Charlotte's glasses broke. I am not the glasses parent. The glasses parent is in California so Charlotte is going sans glasses until I can get her to the eye doctor for the appointment she was supposed to have last summer. I know. I KNOW. She was due for an eye exam last year, but I kept bumping it and now it's April and her glasses need to be replaced. At least she's not blind. She barely needs glasses so it's okay. What's not okay is everyone going "Charlotte! You got contacts!" And she says, "No, my glasses broke and my mom won't fix them." That's not exactly what she says, but that's the gist.
Tommy. Sigh. Tommy. He has to learn to drive. I need him to drive. I have to teach him to drive. And I can't do it. All I see is death, fire, and blood whenever I try to tell him to drive somewhere. I have to get over this. It's not like me to make choices based on fear, but I suppose when it's your child driving a CAR in Charleston, I should give myself a little grace. Although tonight I was driving to pick up Charlotte and the car two vehicles ahead of me STOPPED AT THE GREEN LIGHT. Then everyone behind the car that thinks green means stop screeched and slid to avoid colliding. And that's when I think it's okay to wait another day for Tommy to drive.
Finally, there's Jon. What can I say? He wants to help with certain things, but he can't. It's hard to do things when you're across the country. That's why Charlotte is waiting on glasses, Tommy still can't drive, and we've already eaten at Moe's this week. Anyone care to teach my son to drive? We'd all appreciate it if he got some driving hours. =)

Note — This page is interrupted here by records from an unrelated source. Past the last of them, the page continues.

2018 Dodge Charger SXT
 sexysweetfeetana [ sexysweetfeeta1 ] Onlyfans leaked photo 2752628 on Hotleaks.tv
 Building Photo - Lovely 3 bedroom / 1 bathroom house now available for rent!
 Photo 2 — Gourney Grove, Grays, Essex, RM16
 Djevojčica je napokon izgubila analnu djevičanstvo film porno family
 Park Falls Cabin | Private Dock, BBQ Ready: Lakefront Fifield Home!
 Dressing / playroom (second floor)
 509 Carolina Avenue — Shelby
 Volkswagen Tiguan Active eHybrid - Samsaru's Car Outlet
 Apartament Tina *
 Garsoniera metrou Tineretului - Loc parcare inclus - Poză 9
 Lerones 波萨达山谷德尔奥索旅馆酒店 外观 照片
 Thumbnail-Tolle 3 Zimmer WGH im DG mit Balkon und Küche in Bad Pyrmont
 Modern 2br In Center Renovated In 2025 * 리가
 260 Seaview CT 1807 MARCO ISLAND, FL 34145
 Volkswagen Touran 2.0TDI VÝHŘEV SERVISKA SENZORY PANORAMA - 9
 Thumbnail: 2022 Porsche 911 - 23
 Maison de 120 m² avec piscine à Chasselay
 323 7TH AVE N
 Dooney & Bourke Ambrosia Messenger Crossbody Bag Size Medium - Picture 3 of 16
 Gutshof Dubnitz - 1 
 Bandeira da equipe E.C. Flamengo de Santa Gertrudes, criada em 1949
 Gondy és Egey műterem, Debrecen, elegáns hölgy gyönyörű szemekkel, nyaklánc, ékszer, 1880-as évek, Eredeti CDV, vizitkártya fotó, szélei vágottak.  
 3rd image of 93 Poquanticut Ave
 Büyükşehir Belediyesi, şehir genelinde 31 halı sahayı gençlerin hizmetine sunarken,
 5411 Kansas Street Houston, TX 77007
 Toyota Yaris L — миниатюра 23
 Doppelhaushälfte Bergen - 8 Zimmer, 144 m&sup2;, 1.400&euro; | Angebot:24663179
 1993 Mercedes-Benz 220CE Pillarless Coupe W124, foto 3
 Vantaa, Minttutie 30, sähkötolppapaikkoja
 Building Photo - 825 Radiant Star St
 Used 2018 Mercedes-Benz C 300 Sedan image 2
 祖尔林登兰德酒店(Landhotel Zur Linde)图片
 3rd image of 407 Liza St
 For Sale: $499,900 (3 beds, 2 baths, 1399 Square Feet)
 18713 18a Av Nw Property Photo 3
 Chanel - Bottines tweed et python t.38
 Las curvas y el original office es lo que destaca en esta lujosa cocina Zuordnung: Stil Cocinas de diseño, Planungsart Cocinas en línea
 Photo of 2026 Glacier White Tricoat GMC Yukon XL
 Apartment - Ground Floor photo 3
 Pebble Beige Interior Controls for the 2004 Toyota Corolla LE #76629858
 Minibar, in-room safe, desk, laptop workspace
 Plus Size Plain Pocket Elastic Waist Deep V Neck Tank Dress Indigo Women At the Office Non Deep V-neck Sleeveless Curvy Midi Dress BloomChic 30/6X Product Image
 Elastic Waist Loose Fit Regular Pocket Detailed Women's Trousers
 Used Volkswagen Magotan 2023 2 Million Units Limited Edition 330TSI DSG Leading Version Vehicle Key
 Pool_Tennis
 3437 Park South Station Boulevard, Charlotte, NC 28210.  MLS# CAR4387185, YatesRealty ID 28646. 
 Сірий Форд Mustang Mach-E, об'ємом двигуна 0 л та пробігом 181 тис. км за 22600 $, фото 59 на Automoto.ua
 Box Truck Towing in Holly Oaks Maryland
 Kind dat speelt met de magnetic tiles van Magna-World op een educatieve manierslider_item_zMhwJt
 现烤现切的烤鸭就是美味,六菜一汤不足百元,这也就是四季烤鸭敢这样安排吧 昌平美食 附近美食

Over the last few weeks, people have been talking about building margin into their lives. My natural bent is to pile on too much. I know this. Some of it in the last few months is really not my fault. I feel justified in saying some people threw stuff onto my pile of responsibilities that I did not welcome. I also was already full with no space for those extra "life" things that come up. That's why I'm so excited to get to the summer when most things drop off my plate, and I can slowly add things back in when we get to August. I'm almost there. Things will start dropping off now. Musical theater class is shorter. After next week, my Mondays and Tuesdays are clear. I'm looking forward to staying home for a few days. I'm spending too much time in my van at the moment. We'll go to the beach! We'll go to a movie! We'll go visit our friends! I'll get the house deep cleaned! AND it will all go in my idolized planner before I do it!
I guess that's all. Another Tuesday is done. 29 down, 1 more to go.